### AIM OF THE TASK
Reproduce verbatim the lines of the material below, starting at the line with "Tik-Tak Alüminyum Çerçeve Profili" and ending at the line with "Tričko elegantní dlouhý", both inclusive; skip the rest.

### RECORDS FOR THE TASK

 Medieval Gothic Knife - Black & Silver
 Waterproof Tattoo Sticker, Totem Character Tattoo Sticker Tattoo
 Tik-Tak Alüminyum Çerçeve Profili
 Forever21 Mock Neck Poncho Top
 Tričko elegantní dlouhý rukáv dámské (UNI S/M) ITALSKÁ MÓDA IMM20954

--

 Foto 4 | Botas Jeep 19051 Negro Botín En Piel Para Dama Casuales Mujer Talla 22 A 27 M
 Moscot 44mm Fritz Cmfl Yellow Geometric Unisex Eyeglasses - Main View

### TASK RESPONSE
 Tik-Tak Alüminyum Çerçeve Profili
 Forever21 Mock Neck Poncho Top
 Tričko elegantní dlouhý rukáv dámské (UNI S/M) ITALSKÁ MÓDA IMM20954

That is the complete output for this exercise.